**What needs to be done**.
Take the lines of the data below from the very first through the line containing "Portion of a" and output them exactly, pictures excluded.

::::::::::

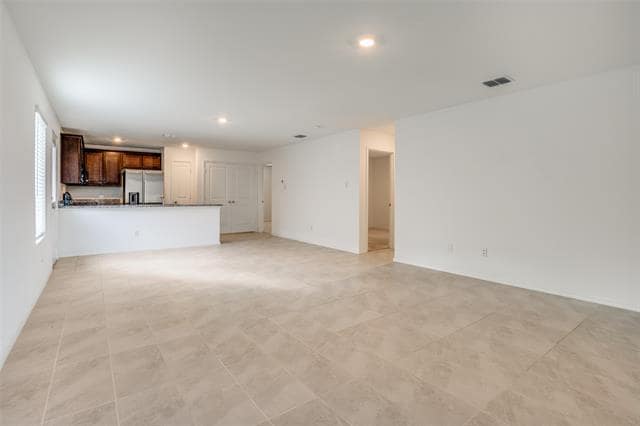 Photo - 14124 Calderwood St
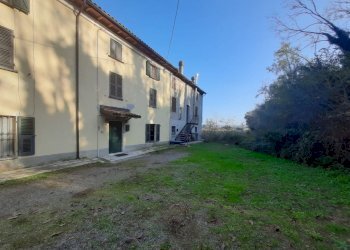 Portion of a house Via Ovada, Predosa - photo 1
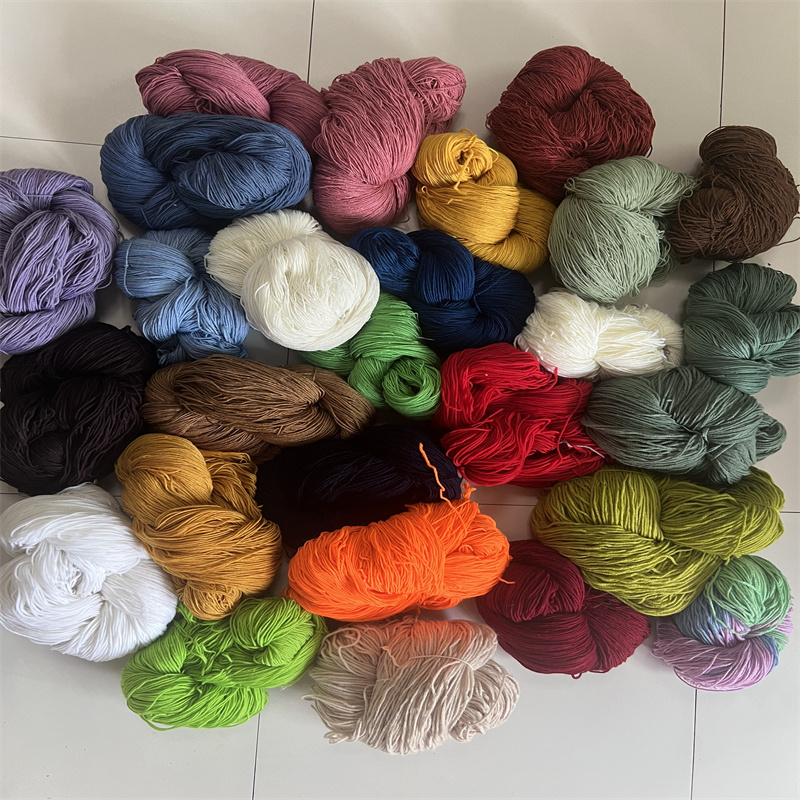Clearance Sale on Stock Yarn, Acrylic Yarn, Medium-Thick Yarn for DIY Crafts, Weaving Cushions, Crocheting Bags, and Crocheting Shoes Clearance Sale on Stock Yarn, Acrylic Yarn, Medium-Thick Yarn for DIY Crafts, Weaving Cushions, Crocheting Bags, and Crocheting Shoes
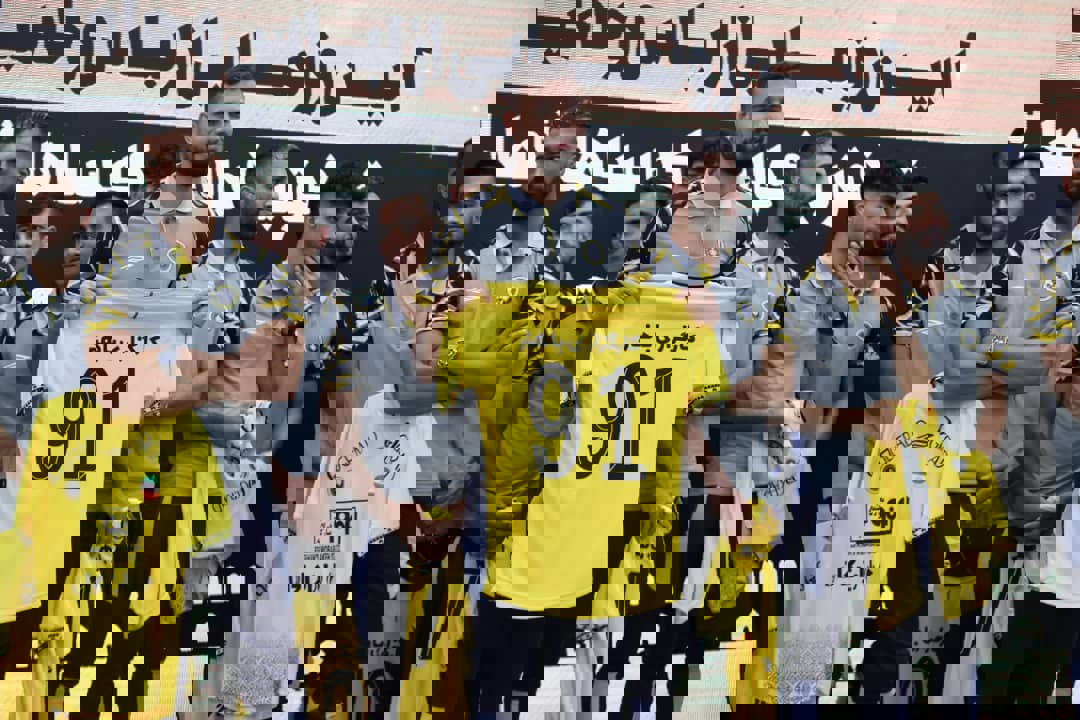 1904080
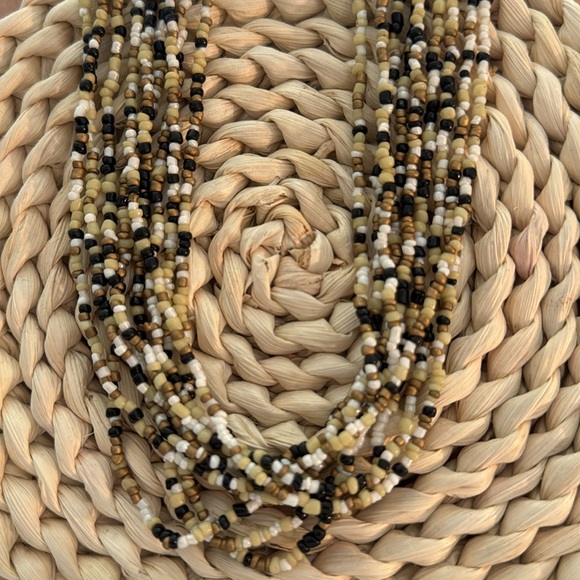 Gorgeous beaded multi-strand necklace - Picture 2 of 3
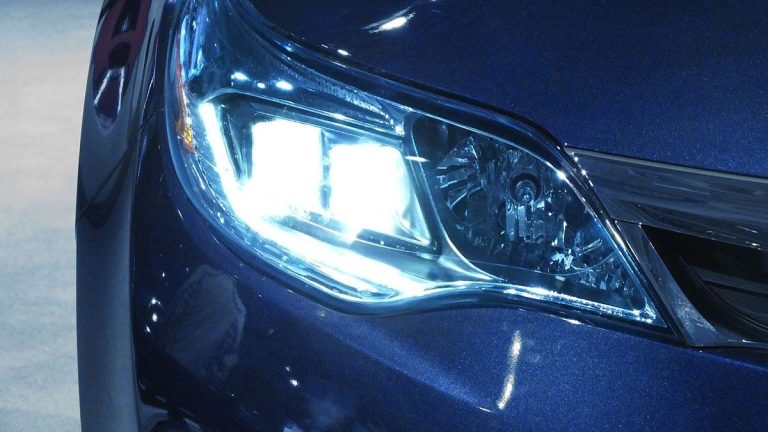 Kdo bude svítit na autě těmito světly, dostane od policie okamžitě brutální pokutu. Nedoplatíte se 1 auto svetla svetlo sviti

::::::::::

**The answer**.
 Photo - 14124 Calderwood St
 Portion of a house Via Ovada, Predosa - photo 1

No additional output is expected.